It's hard to overstate the effect Cleopatra had on the region. Her relationship with Antony directly resulted in the crown being placed on Herod's head (yes, that Herod). His small kingdom was the only independent area in the vast territory ruled by the queen of Egypt. Her domain extended from the Eastern borders of (what we now call) Libya to the Upper Nile, to the shores of the Red Sea, the Sinai peninsula, across almost all of Palestine and Phoenicia, and all the way up into Turkey! Her children were called King of Kings and Queen of Kings before a young carpenter from Galilee claimed that title too (Jesus' childhood would have been rich with stories of Cleopatra). Octavian (Caesar Augusts) effectively suspended the Roman Senate in order to declare war on her, the only time Rome declared war on one single person. He used this war to rid himself of Mark Antony, his chief rival for power. Cleopatra was the last of the Ptolemaic rulers of Egypt and her death marked the final moment of the 400 year old Roman Republic. From that day forth, Rome was an undisputed monarchy.

After his triumph over Antony and Cleopatra, Octavian declared Egypt a Roman state and began siphoning off all of the riches that land had to offer. In Octavian's custody in Alexandria, Cleopatra committed suicide only eight days after Antony. Or did she? Schiff makes a convincing case that Octavian himself actually killed her. He would have planted the seeds of suicide story (suggesting she let herself be bitten by an asp) in order to wash his hands of the murder, but her death made his future much more simple. In either case, being an expert in the efficacy of most poisons and their uses, it is highly unlikely that Cleopatra died from any snake bite.
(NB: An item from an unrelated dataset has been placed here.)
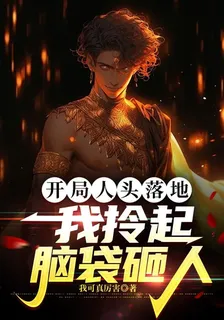 開局人頭落地，我拎起腦袋砸人 封面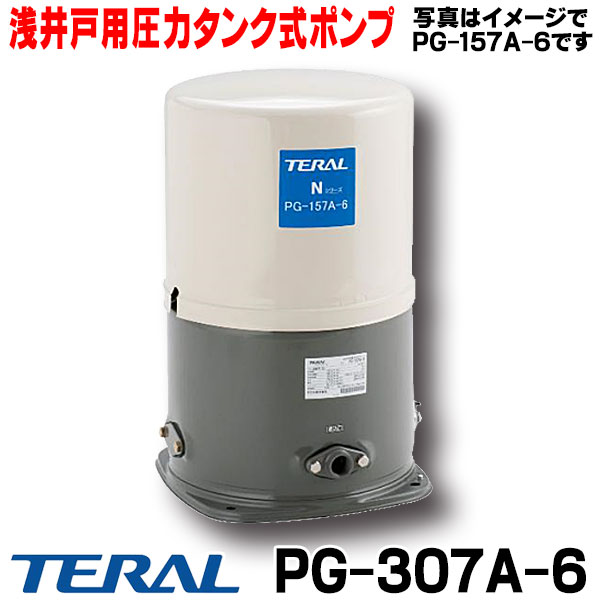 楽天市場】浅井戸用圧力タンク式ポンプ テラル PG-407A-6 (60Hz) 単相100V400W [♪◇] : 住宅設備機器のcoordiroom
She was an extraordinary character. By sheer force of will and audacity, she was able to rise from exile and obscurity to become a legend. She was able to enrich her huge and diverse empire, to protect her people for as long as she could from seemingly unstoppable forces. Her hands were certainly covered in blood from her rise to power and her efforts to keep it, but that has never kept you from thinking of men as great rulers. Cleopatra was, for lack of a better term, a baddass. And she achieved that title in a world dominated by Romans who prided themselves on being the baddest of baddasses. She outlived all but one of them, and he immediately named himself a god once he had disposed of her.

In the closing paragraph of this outstanding biography, Schiff notes that "In her adult life, Cleopatra would have met few people she considered her equal." After learning more about this unforgettable woman, you aren't sure that anyone in any lifetime has have ever met her equal.





On to the next book!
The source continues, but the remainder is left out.